The Love Project

A more than diverting hour unpicking that crazy little thing called love.

★★★
theatre review (edinburgh) | Read in About 2 minutes
33329 large
121329 original
Published 09 Aug 2013

Burrowing into one of the Underbelly’s variously dank enclaves, we’re met by a quartet of friendly faces; relaxed, convivial, attentive. They’re sat on assorted chairs and settees. There’s a coffee table. It has some mugs and biscuits on it. Coldplay, Laura Marling and Take That’s "A Million Love Songs" fill the air – ‘the nation’s favourite love songs’, an upstage projection informs us.

It’s so cloyingly cosy, you sense a trap: an imminent life lesson dispatched by hollow thirtysomethings washed down with a glass of elderflower pressé and a cupcake.

You’d be wrong though. For this is a brand new verbatim piece from the team behind the superb, cross-city one-on-one caper, You Once Said Yes. And whilst this doesn’t burn the rulebook with quite the same fervour, The Love Project is an unfussy, ably-cut piece of real-life theatre that gently warms rather than bazookas our sensibilities.

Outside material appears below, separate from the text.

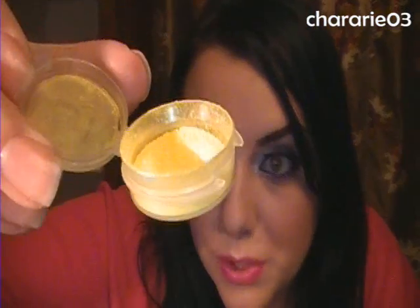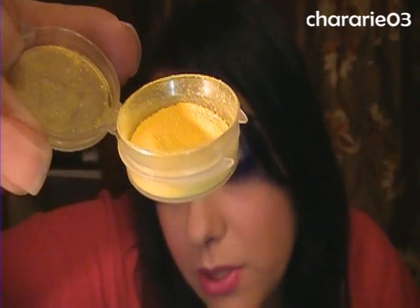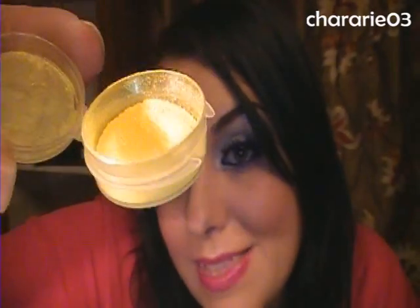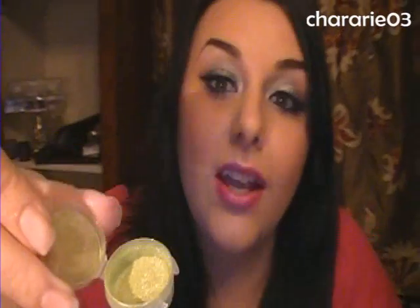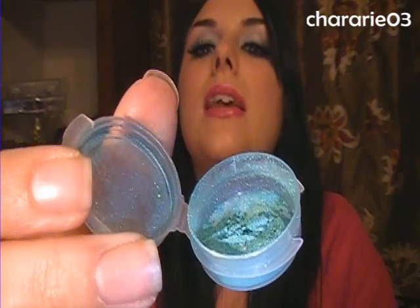I'll show you the glitter I'm wearing in a minute, but staying on the eyeshadows: this one is called Canary — it's a really pretty shimmery yellow, similar to Electric Lemonade from Glamour Doll Eyes and the yellow from Glamix Cosmetics. This one is called Reptar — it's a yellowy-green shimmer pigment with some turquoise glitter in it, which is amazing. And this one is called Sea Bass — it's like a turquoise-y seafoam green, similar to seafoam but with a little more of a turquoise sheen to it.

The four actors offer 16 detached accounts of love; there’s the German lesbian, a Canada-hailing primary teacher, two manic former university acquaintances, even a toddler brother-sister pairing. Abbad, a Muslim, proffers a loopily surreal take on women and the family; atomised Londoner Kate provides painful recollections of love gone awry; and Cora and William, the couple counting 56 years of marriage, reveal a language that’s all of their own.

It’s sugary, yes, and knitted together in such a way that openly exposes the joins, but the cast embody their subjects with such obvious affection and meticulousness, that this becomes a more than diverting hour unpicking that crazy little thing called love.